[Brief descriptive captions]
○ ○ ○ ○ ○
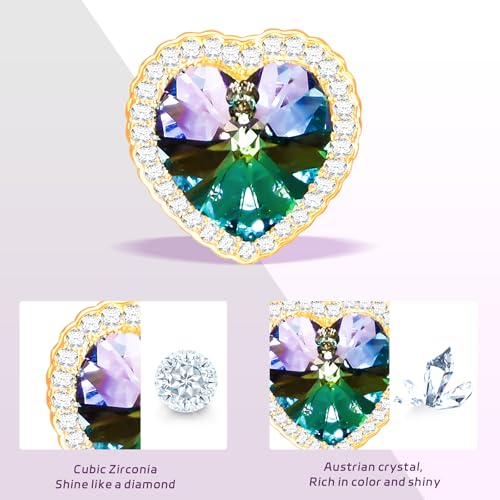 Image of Brooches For Women,14k Gold Plated Copper,Crystal Brooch,Love Brooch,Heart Brooches,Brooches Pin for Birthday, Christmas,Valentines, Wedding Parties, Anniversaries,Mother's Day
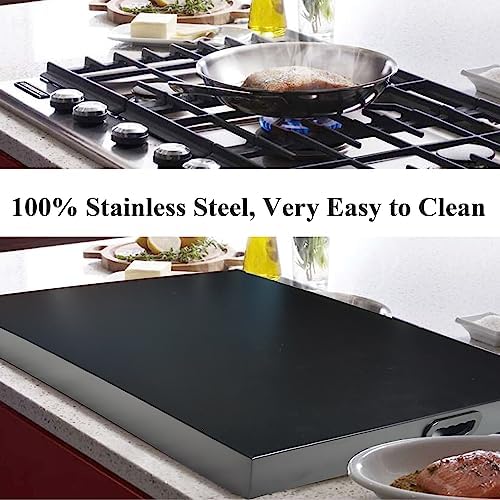 Stainless Steel Gas Stove Top Cover, Noodle Board Cooktop Cover, Kitchen Organizer for Gas and Electric Stove Range Expanding Kitchen Space, Large Size 30"x 22"x3", Black - Image 6
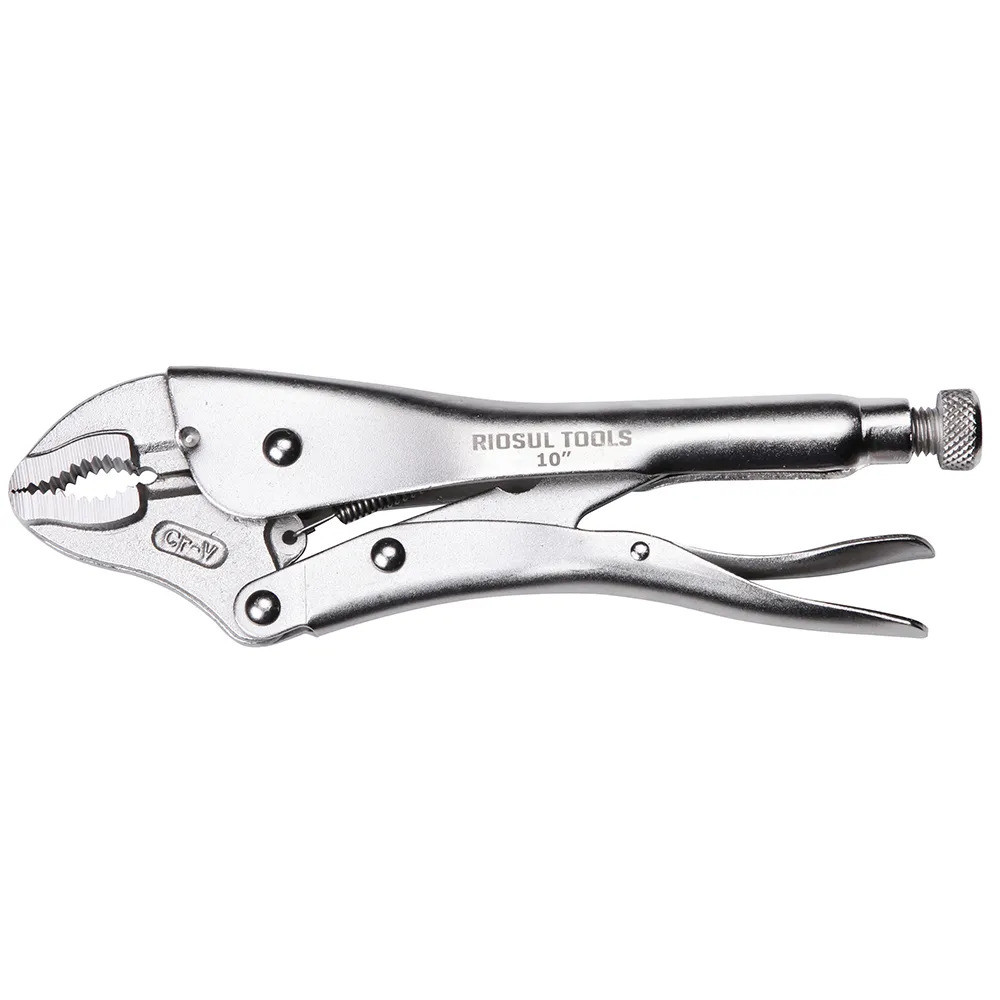 ALICATE DE PRESSAO COM MORDENTE RETO 10" CRV - RIOSULTOOLS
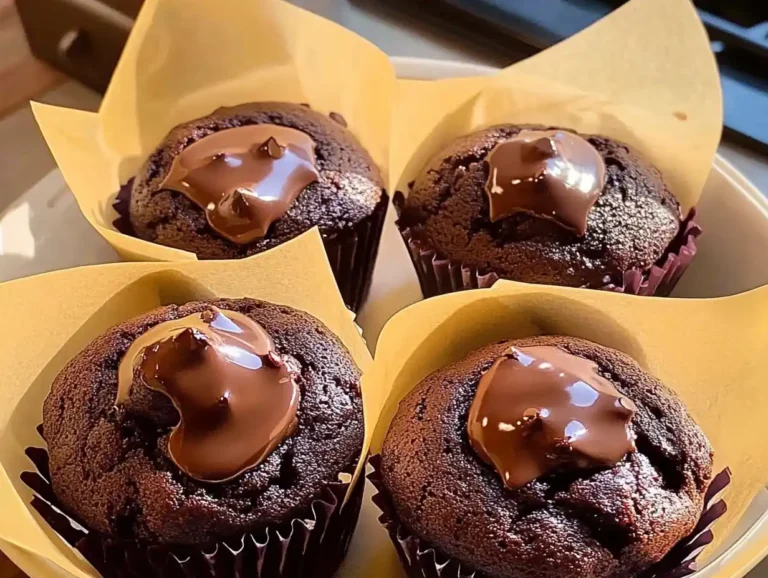 Chocolate muffins with melted chocolate topping in yellow parchment liners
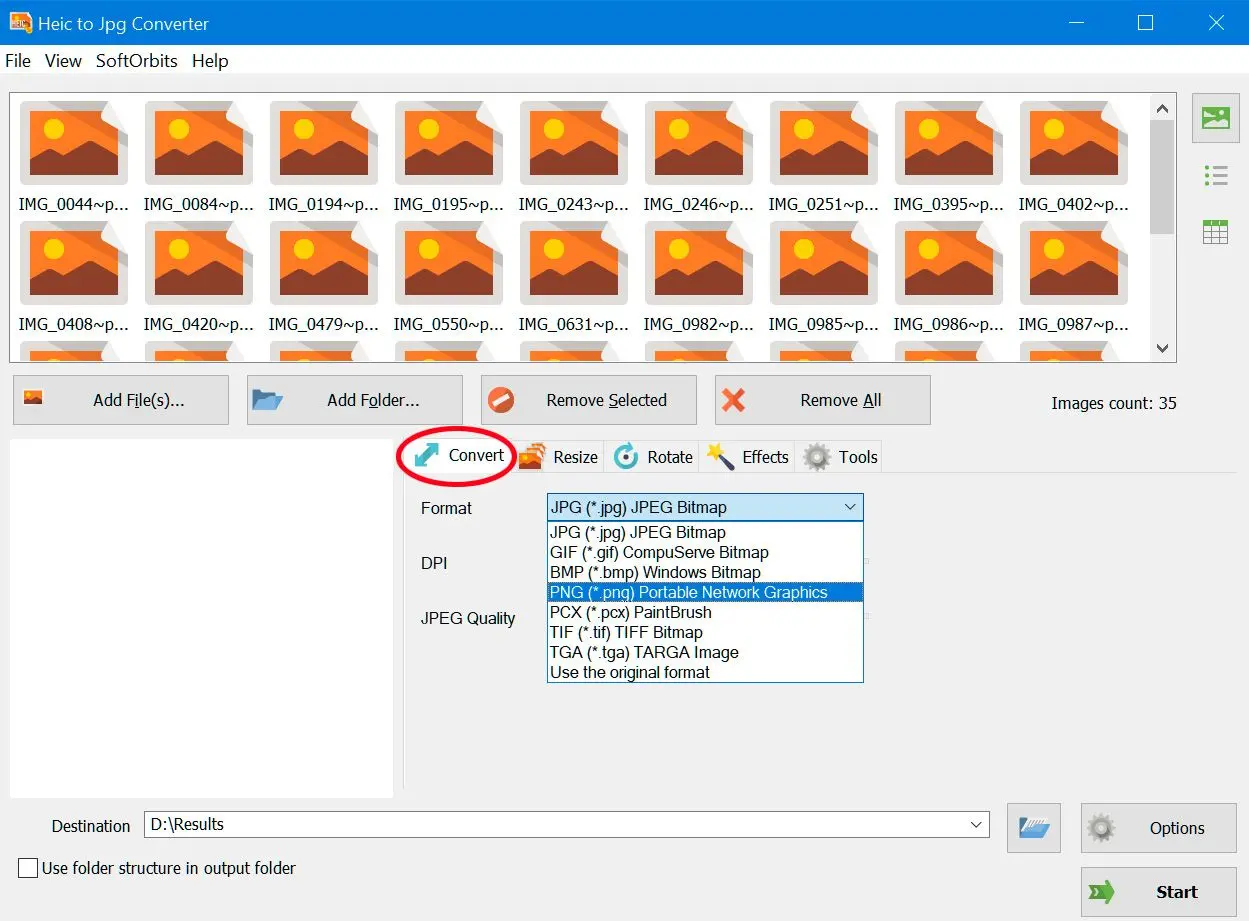 PNG als Ausgabe festlegen.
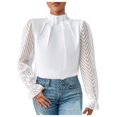 thumbnail image 1 of TSADFHJI Chemises pour Femmes Manches Longues en Coton Col Rond Automne/hiver Demi-Col Haut à Manches Longues en Chiffon m Vert, 1 of 6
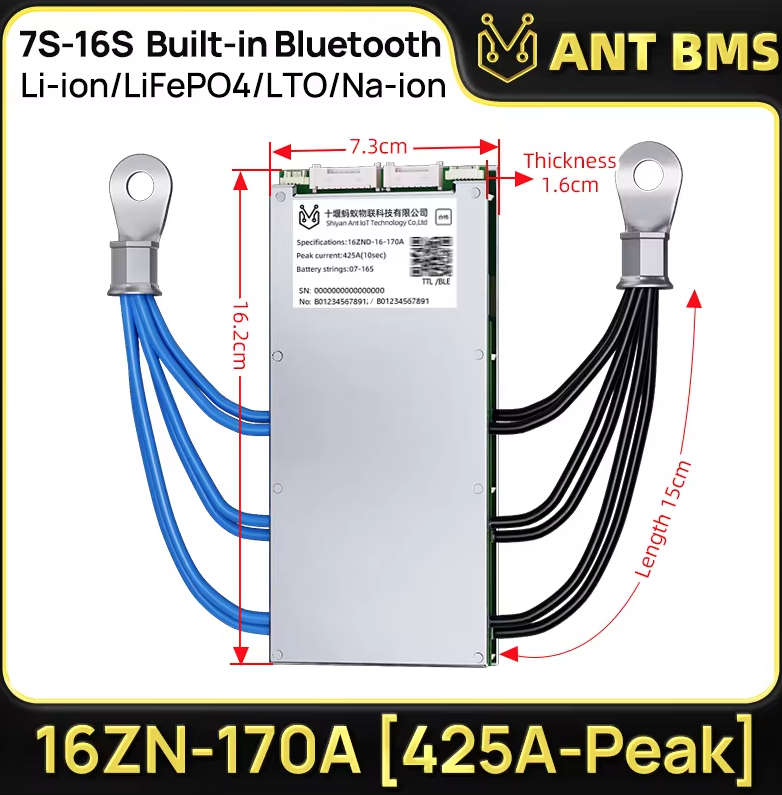 ANT Smart BMS 4S-24S 16S 40A Lifepo4 BMS 10S 13S 48V 30A Li-ion BMS 20S NMC LFP for E-bike E-scooter with Bluetooth Balance BMS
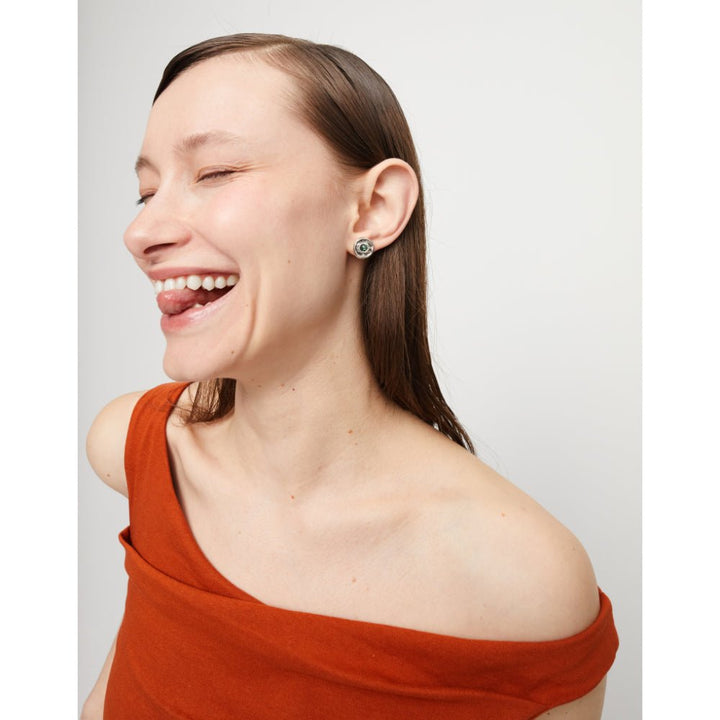 Unode50 Sterling Silver Green Faceted Crystal Stud Earrings - MococoUNOde50PEN1007-SLVEarrings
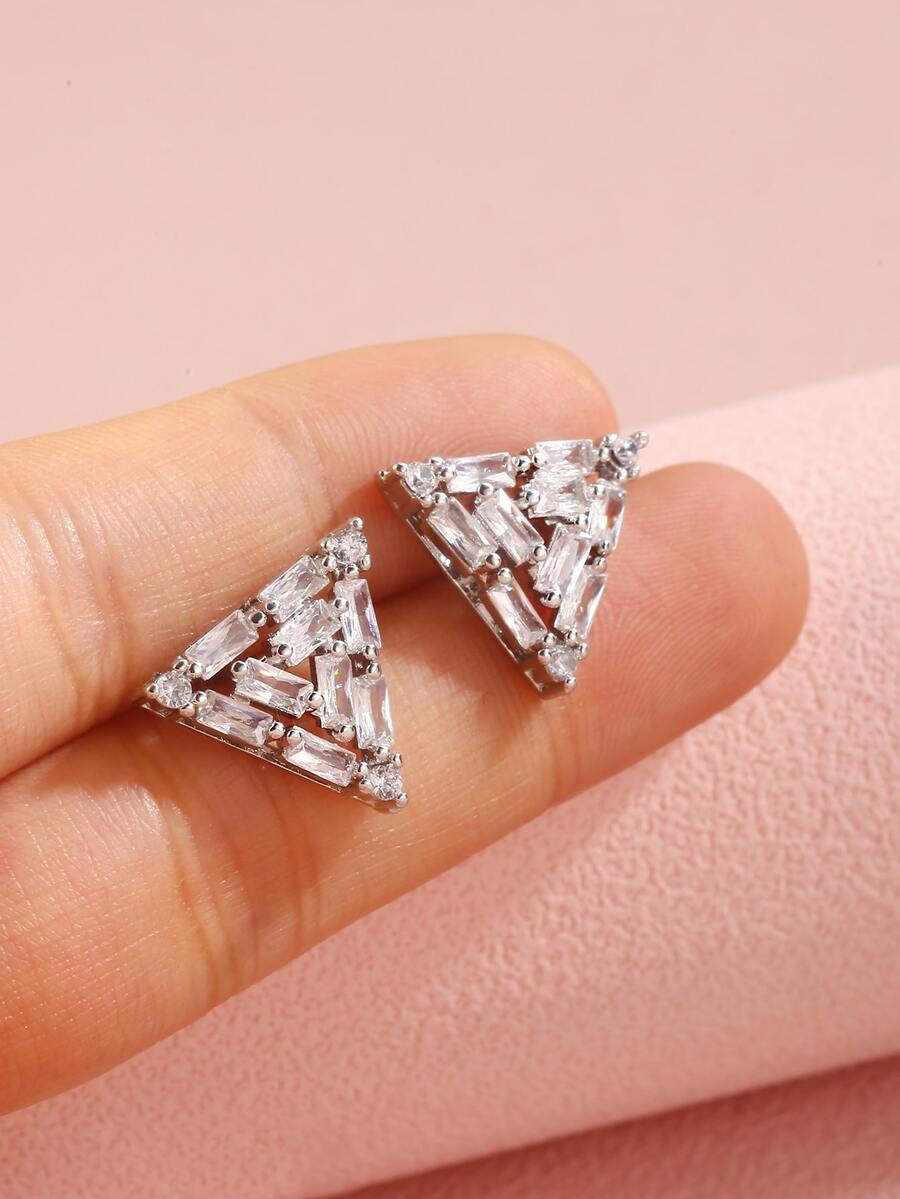 Cubic Zirconia Triangle Stud Earrings - Silver - View 1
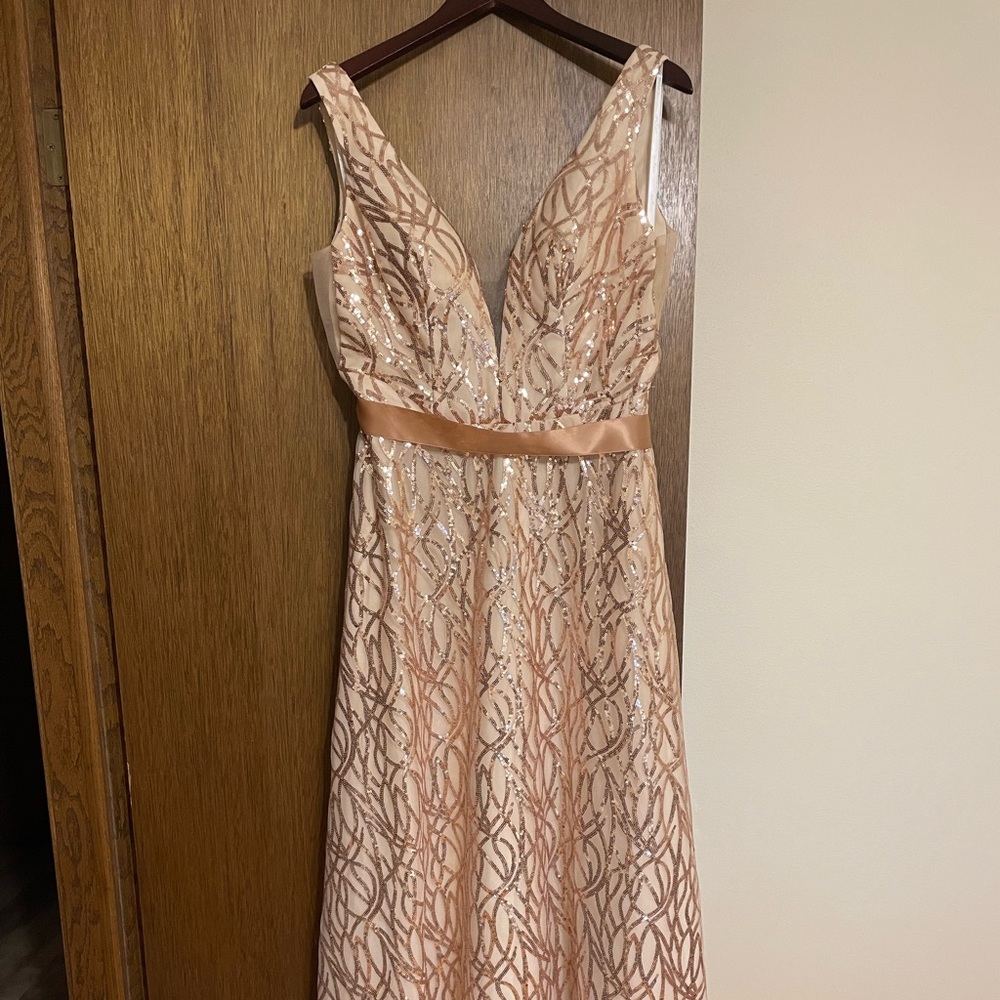 Gold sparkle Bridesmaids dress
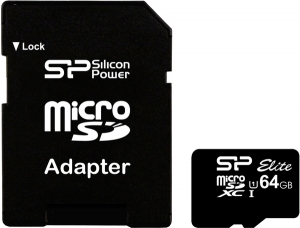 SILICON POWER microSDXC 64 GB Class 10 UHS-I Elite + адаптер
○ ○ ○ ○ ○
_Exercise aim:_
The records above should be repeated exactly, with no pictures in the copy.

_Exercise answer:_
 Image of Brooches For Women,14k Gold Plated Copper,Crystal Brooch,Love Brooch,Heart Brooches,Brooches Pin for Birthday, Christmas,Valentines, Wedding Parties, Anniversaries,Mother's Day
 Stainless Steel Gas Stove Top Cover, Noodle Board Cooktop Cover, Kitchen Organizer for Gas and Electric Stove Range Expanding Kitchen Space, Large Size 30"x 22"x3", Black - Image 6
 ALICATE DE PRESSAO COM MORDENTE RETO 10" CRV - RIOSULTOOLS
 Chocolate muffins with melted chocolate topping in yellow parchment liners
 PNG als Ausgabe festlegen.
 thumbnail image 1 of TSADFHJI Chemises pour Femmes Manches Longues en Coton Col Rond Automne/hiver Demi-Col Haut à Manches Longues en Chiffon m Vert, 1 of 6
 ANT Smart BMS 4S-24S 16S 40A Lifepo4 BMS 10S 13S 48V 30A Li-ion BMS 20S NMC LFP for E-bike E-scooter with Bluetooth Balance BMS
 Unode50 Sterling Silver Green Faceted Crystal Stud Earrings - MococoUNOde50PEN1007-SLVEarrings
 Cubic Zirconia Triangle Stud Earrings - Silver - View 1
 Gold sparkle Bridesmaids dress
 SILICON POWER microSDXC 64 GB Class 10 UHS-I Elite + адаптер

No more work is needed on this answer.